# Write a description for our evil M&M packet for Ebay (contest) NOT A JOKE AND NOT SPAM :)



## I_heart_Fraggles (Nov 28, 2012)

OK so I have to tell you all the story first.
Yesterday Jason was stuffing his gob with pb m&m's. He could not find the huge bag at the store so he bought a big bag full of little packets ya know the "fun size".

So he is eating them wrappers are flying and bunnies are begging (no they did not get any. Peanut butter is only funny on dogs) Anyway he is eating this bag and he makes a shocking and horrifying discovery....

A M&M packet completely unopened and perfect but only containing ONE PB M&M!!!!!!
I know I know your shocked and horrified! Well Jason did not know how to handle this nightmare. Does he call the company? Does he sue? Does he go on a vigilante spree demanding justice for his sweet tooth?

No. He wont be doing any of these things. He will be doing what any normal sane (and totally hot) man would do...He is going to auction it on Ebay with the title...Wait for it...Wait for it....

THE SATANIC ZOMBIE SINGLE M&M PACKET FROM THE PITS OF HELL!!!!!
DUN-DUN-DUN.....

Yes that is the normal and healthy thing to do and this my RO friends is were you come in! We need a description for this "evil packet" and we are counting on one of you to write us one as we are far to busy (and we both have colds and can not properly describe the packets evil while congested) ...Oh and the best part is the winner of the description contest will receive 10 percent of the auction profit and you know how these crazy auctions can go....You will most likely get nothing but.....you never know, some people are just weird (not us of course) So write your descriptions on this thread and then Friday I will post a voting thread to decide the winner.
Only two rules....
1.You must include the title of the item!
2.You must come up with a creative way to describe the plastic ziplock the packet will be in as some kind of protection against its super evil....Its a good selling point.

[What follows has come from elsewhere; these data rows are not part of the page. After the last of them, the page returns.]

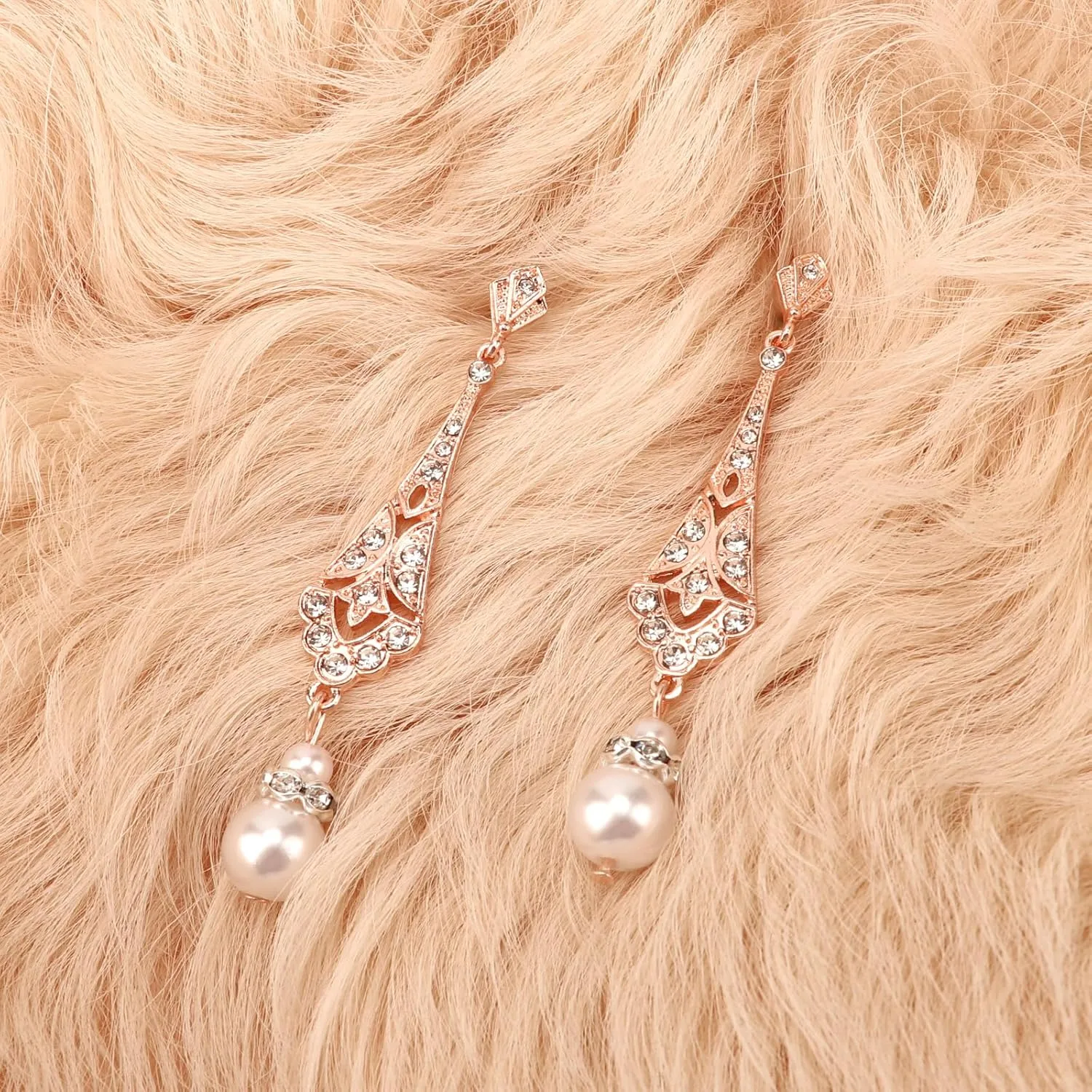 DRESHOW 1920s Great Gatsby Accessories Set for Women Flapper Costume Accessories Feather Headband Roaring 20s Accessories Set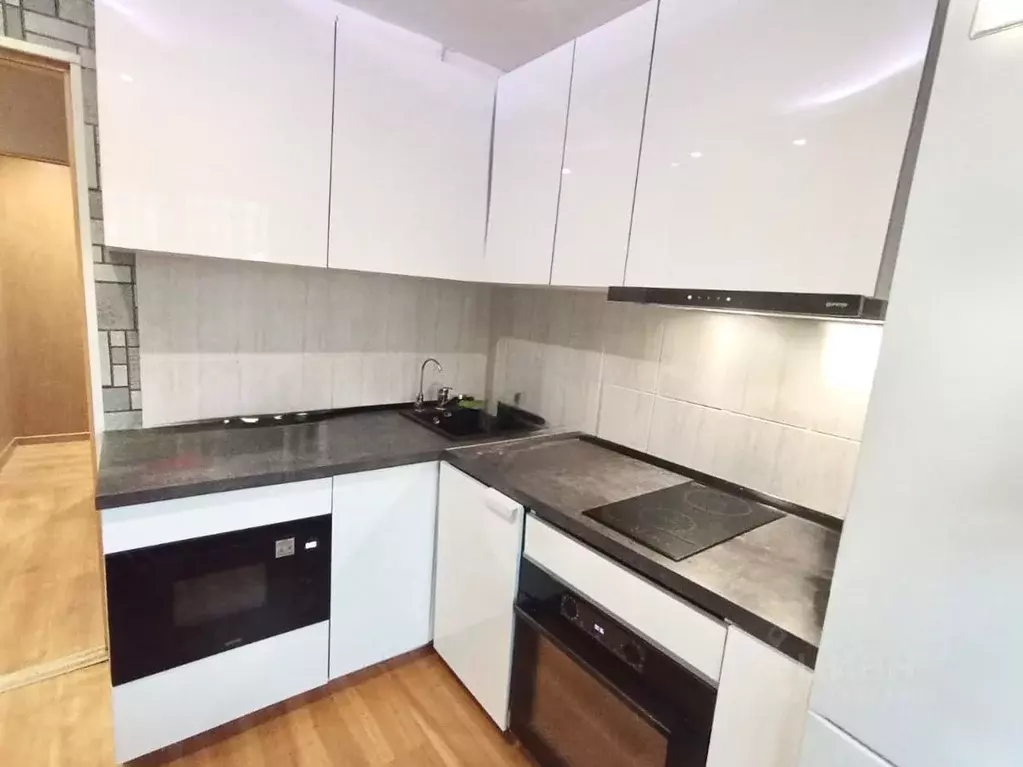 2-к кв. Красноярский край, Красноярск Кольцевая ул., 18 (49.0 м) - Фото 1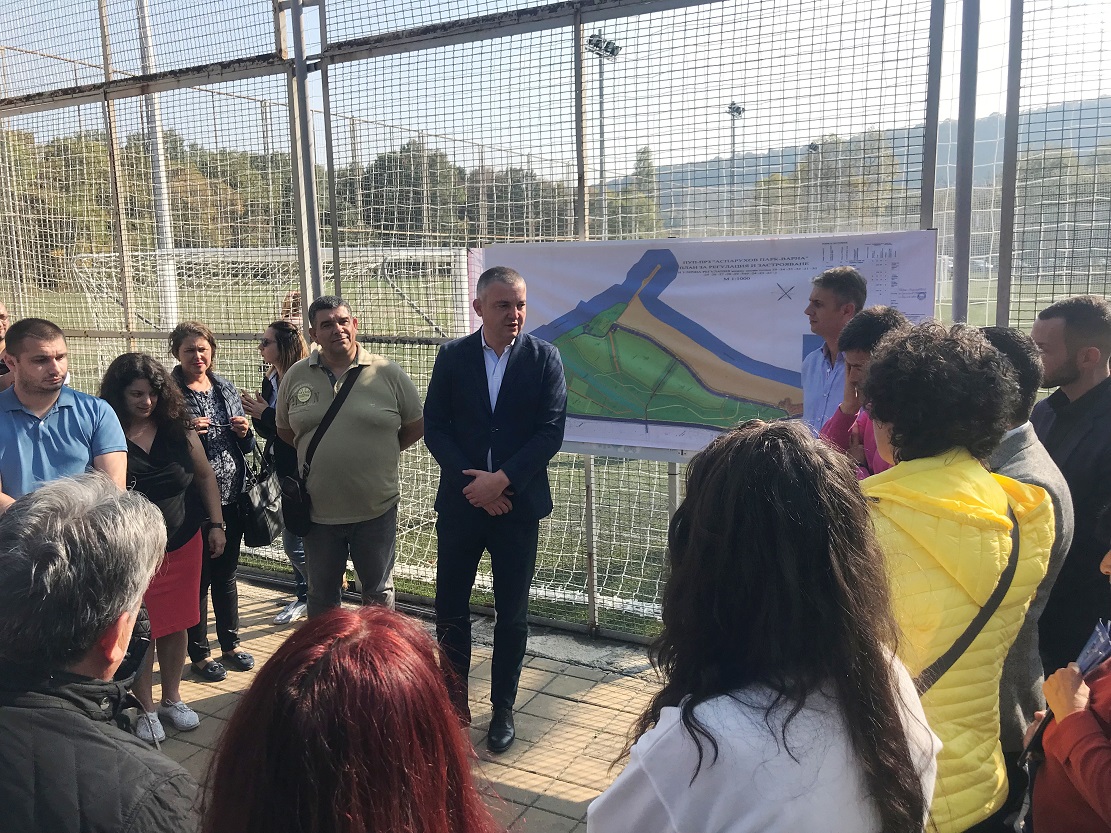 Кандидатът на ГЕРБ за кмет на Варна Иван Портних в „Аспарухово”: Развитието на парка ще даде нов облик на района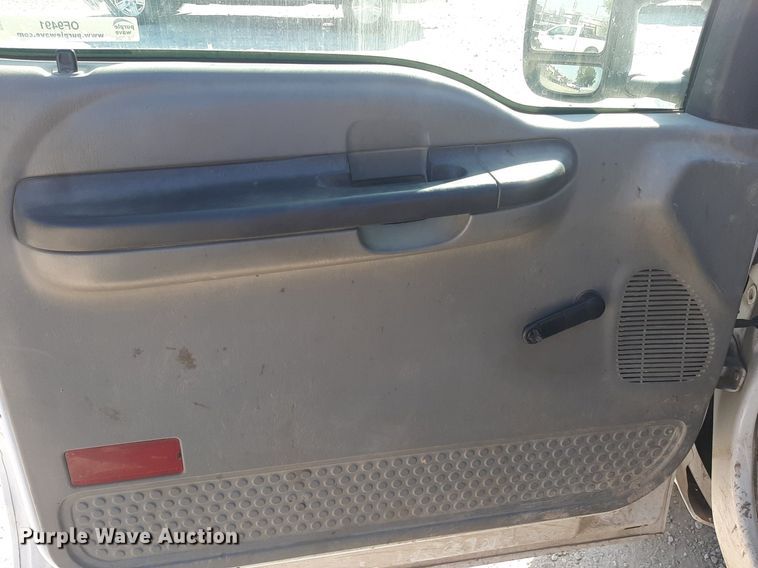 image for item OF9491 2007 Ford F350 Super Duty  Crew Cab pickup truck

OK start writing, voting starts Friday! Cant wait to read.....


----------



## whitelop (Nov 28, 2012)

"Have you ever wondered where zombies come from? 
They come from a satanic zombie single M&M packet from the pits of hell! That single M&M is the seed that starts the WHOLE zombie apocalypse!
We don't feel like we can handle the responsibility of NOT opening the gates of Hell. But you must remember to keep the packet in a ziplock bag, unopened so it doesn't become the beginning of the end. Do you think you're ready to hold the worlds fate in your hands?"

(But when you read it, you have to read it in the voice of the late Don LaFontaine.)


----------



## I_heart_Fraggles (Nov 28, 2012)

Very nice


----------



## Apebull (Nov 28, 2012)

too busy laughing to even think of anything 
:laugh::roflmao::laugh::roflmao::laugh::roflmao::laugh::roflmao::laugh:


----------



## I_heart_Fraggles (Nov 28, 2012)

:nonono:
April that is not a proper entry for something as serious as this evil packet...Some people :/


----------



## I_heart_Fraggles (Nov 29, 2012)

inkbouce:


----------



## I_heart_Fraggles (Nov 29, 2012)

I was told that this was passed over cause they thought it was spam...This is the real deal people!


----------



## MarisaAndToby (Nov 29, 2012)

THE SATANIC ZOMBIE SINGLE M&M PACKET FROM THE PITS OF HELL!!!!!
DUN-DUN-DUN.....

Here we were, minding our own business. Sifting through fun-sized packages of M&Ms complete with irresistible peanut buttery goodness hidden inside. But inside one packet, something ELSE was hidden... and it was nothing good nor was it peanut buttery. 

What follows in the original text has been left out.